The secretary of the Army announced an advanced manufacturing policy this week that looks to use technologies like 3D-printing, robotics, artificial intelligence and composite materials to change everything from how soldiers fix equipment in the field, to how much their weapon systems weigh.
As opposed to an armor brigade combat team requesting replacement parts from a warehouse 1,000 miles away, troops could eventually have a 3D-printer churning them out inside the Conex box of a sustainment brigade, putting an Abrams tank back into the fight faster and cheaper.
Army Secretary Ryan D. McCarthy said the initiative he signed will put strategic guidance out to the service and industry partners to indicate that Army leaders will be putting the resources, people and funding into advanced manufacturing technology in future funding plans.
“We’re already doing it in 2021, but we needed to get more aggressive so we could have a comprehensive approach,” McCarthy told Army Times.
The Army has had some success in looking at advanced manufacturing concepts, such as the work done in 3D-printing at Rock Island Arsenal, Illinois, where a Center of Excellence for Advanced and Additive Manufacturing was stood up in May.
“We want to now tie that with all the research and development efforts that we have with Army Futures Command, bring [Army Materiel Command] together,” McCarthy said. “Dr. [Bruce D.] Jette, our acquisition executive, puts this policy together, works with industry to have a more comprehensive approach.”
What does advance manufacturing look like?
Additive manufacturing, also known as 3D printing, composite materials and machine learning have already brought a new industrial revolution to private industry, according to Dr. Alexis L. Ross, a deputy assistant Army secretary for strategy and acquisition reform.
“This is a significant step forward in manufacturing and design,” Ross said, recalling one of the times she visited an Army vendor’s facilities where they were developing composite materials.
“An interesting composite material where they were taking silicon and metal and essentially fusing it together,” she said. “And that silicon-metal composite ends up being flexible, light weight, resilient, heat resistant … it’s got these combinations of great physical properties.”
This technology is already available today in the civilian world. A Boeing 737 flying commercially can have parts throughout the airframe that are 3D printed.
Other services, like the Air Force, are already doing this as well.
If private industry and the Air Force can put 3D-printed parts into their aircraft, “why can’t we put that on a ground combat vehicle?” McCarthy said.
So what does it mean for brigade combat teams?
Army leaders hope advanced manufacturing will have two key benefits.

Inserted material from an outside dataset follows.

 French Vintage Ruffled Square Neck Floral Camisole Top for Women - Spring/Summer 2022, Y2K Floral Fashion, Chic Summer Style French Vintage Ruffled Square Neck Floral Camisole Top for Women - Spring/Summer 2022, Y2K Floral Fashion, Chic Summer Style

First, it’s expected to reduce the cost of equipment and parts: “If you can produce them much faster, and have them on hand, you can reduce costs because you can be lighter,” McCarthy said.
Second, the technology could significantly enhance the Army’s logistics train, helping its forces fight further away from the U.S. industrial base.

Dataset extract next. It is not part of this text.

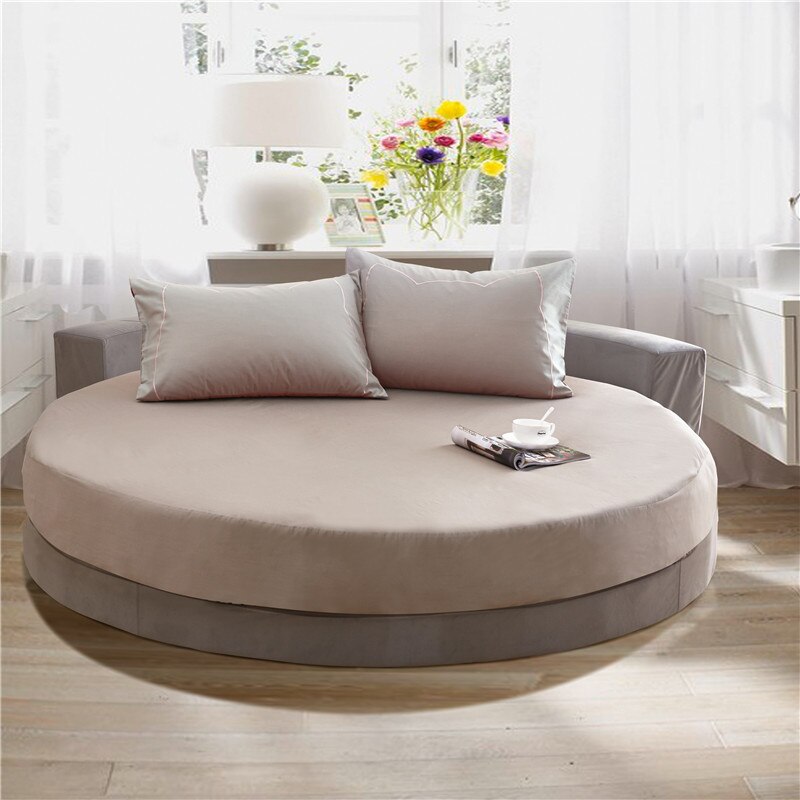 100%  runda bomullslakan romantiska enfärgade runda lakan sängkläder set övermadrass 200cm 220cm tema hotell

“If you had an expeditionary capability, for example, to print parts, you’d be able to extend the range of a brigade combat team,” McCarthy said. “Their ability to replace parts quickly, doing it within hours, as supposed to weeks. … There’s an immediate return where you can put it in to tactical formations.”
The effort could also help increase operational rates for legacy equipment by shortening the supply chain back to the manufacturer, which may or may not have the right spare parts immediately available.
Those parts, thanks to things like composite materials, could also weigh substantially less.
“A key principle in manufacturing weapons systems is how do you find ways to reduce the weight of the weapon system so it is faster and it can carry more weapons or avionics payloads, because you reduced the weight of parts,” McCarthy said.
Moving forward on advanced manufacturing is necessary to keep pace with the United States’ peer adversaries, namely China, according to Ross.
“China has been investing significantly,” she said. “They’re predicted to be the largest user of robotics in production by the year 2025. They just bought 400,000 3D-printers and they’re putting them in every elementary school in the next two years.
“If we don’t start taking action, we will fall behind and we need to catch up,” she added.